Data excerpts
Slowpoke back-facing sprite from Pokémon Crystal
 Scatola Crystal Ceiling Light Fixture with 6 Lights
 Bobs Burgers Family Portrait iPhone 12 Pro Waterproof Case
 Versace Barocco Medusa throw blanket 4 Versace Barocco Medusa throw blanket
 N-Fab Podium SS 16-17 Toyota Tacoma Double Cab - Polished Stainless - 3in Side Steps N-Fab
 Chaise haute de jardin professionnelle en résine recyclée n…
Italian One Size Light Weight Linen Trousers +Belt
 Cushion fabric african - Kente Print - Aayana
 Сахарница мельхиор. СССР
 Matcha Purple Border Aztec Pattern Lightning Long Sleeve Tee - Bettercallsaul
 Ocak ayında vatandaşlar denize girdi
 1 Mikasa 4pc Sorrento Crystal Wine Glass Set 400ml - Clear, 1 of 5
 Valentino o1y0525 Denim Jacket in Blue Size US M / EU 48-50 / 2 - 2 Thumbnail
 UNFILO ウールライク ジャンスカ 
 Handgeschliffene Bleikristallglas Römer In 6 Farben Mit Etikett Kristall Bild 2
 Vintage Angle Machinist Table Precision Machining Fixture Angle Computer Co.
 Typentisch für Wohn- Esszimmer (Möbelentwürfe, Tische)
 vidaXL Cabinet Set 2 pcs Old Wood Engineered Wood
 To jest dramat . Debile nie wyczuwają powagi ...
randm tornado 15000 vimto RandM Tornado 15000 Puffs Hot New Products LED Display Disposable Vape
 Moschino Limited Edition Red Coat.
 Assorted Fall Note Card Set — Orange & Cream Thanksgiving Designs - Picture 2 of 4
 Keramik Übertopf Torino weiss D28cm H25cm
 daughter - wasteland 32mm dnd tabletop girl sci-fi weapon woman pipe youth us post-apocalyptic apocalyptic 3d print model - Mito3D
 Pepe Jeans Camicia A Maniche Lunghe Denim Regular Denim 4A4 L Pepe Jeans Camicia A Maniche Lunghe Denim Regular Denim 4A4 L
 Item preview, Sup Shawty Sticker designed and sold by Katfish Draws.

WORK TO COMPLETE
What you return should be the lines from the beginning of the records through the one that contains "Chaise haute de", repeated exactly and with no additions.

SOLVED EXERCISE
Slowpoke back-facing sprite from Pokémon Crystal
 Scatola Crystal Ceiling Light Fixture with 6 Lights
 Bobs Burgers Family Portrait iPhone 12 Pro Waterproof Case
 Versace Barocco Medusa throw blanket 4 Versace Barocco Medusa throw blanket
 N-Fab Podium SS 16-17 Toyota Tacoma Double Cab - Polished Stainless - 3in Side Steps N-Fab
 Chaise haute de jardin professionnelle en résine recyclée n…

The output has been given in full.